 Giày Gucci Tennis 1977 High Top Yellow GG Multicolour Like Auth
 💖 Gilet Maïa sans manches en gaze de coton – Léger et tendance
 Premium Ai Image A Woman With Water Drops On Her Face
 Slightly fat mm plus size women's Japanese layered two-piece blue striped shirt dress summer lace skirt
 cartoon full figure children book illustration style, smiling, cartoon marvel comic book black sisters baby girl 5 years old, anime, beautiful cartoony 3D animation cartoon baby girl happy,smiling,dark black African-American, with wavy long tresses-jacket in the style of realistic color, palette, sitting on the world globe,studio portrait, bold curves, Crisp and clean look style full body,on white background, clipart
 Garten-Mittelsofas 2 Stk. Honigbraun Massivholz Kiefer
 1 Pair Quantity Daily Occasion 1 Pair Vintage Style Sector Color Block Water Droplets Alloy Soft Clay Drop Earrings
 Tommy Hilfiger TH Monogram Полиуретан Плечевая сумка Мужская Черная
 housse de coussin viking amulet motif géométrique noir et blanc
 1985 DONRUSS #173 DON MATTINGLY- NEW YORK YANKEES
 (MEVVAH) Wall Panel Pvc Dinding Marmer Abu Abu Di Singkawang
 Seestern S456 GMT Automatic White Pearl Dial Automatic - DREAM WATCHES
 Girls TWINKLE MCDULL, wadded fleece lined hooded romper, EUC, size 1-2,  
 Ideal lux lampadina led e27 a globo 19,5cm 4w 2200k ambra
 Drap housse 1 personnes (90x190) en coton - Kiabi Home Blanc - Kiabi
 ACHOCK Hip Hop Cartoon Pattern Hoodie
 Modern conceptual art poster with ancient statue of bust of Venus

*Work order*
The records given above are to be repeated in full, exactly.

*Answer area*
 Giày Gucci Tennis 1977 High Top Yellow GG Multicolour Like Auth
 💖 Gilet Maïa sans manches en gaze de coton – Léger et tendance
 Premium Ai Image A Woman With Water Drops On Her Face
 Slightly fat mm plus size women's Japanese layered two-piece blue striped shirt dress summer lace skirt
 cartoon full figure children book illustration style, smiling, cartoon marvel comic book black sisters baby girl 5 years old, anime, beautiful cartoony 3D animation cartoon baby girl happy,smiling,dark black African-American, with wavy long tresses-jacket in the style of realistic color, palette, sitting on the world globe,studio portrait, bold curves, Crisp and clean look style full body,on white background, clipart
 Garten-Mittelsofas 2 Stk. Honigbraun Massivholz Kiefer
 1 Pair Quantity Daily Occasion 1 Pair Vintage Style Sector Color Block Water Droplets Alloy Soft Clay Drop Earrings
 Tommy Hilfiger TH Monogram Полиуретан Плечевая сумка Мужская Черная
 housse de coussin viking amulet motif géométrique noir et blanc
 1985 DONRUSS #173 DON MATTINGLY- NEW YORK YANKEES
 (MEVVAH) Wall Panel Pvc Dinding Marmer Abu Abu Di Singkawang
 Seestern S456 GMT Automatic White Pearl Dial Automatic - DREAM WATCHES
 Girls TWINKLE MCDULL, wadded fleece lined hooded romper, EUC, size 1-2,  
 Ideal lux lampadina led e27 a globo 19,5cm 4w 2200k ambra
 Drap housse 1 personnes (90x190) en coton - Kiabi Home Blanc - Kiabi
 ACHOCK Hip Hop Cartoon Pattern Hoodie
 Modern conceptual art poster with ancient statue of bust of Venus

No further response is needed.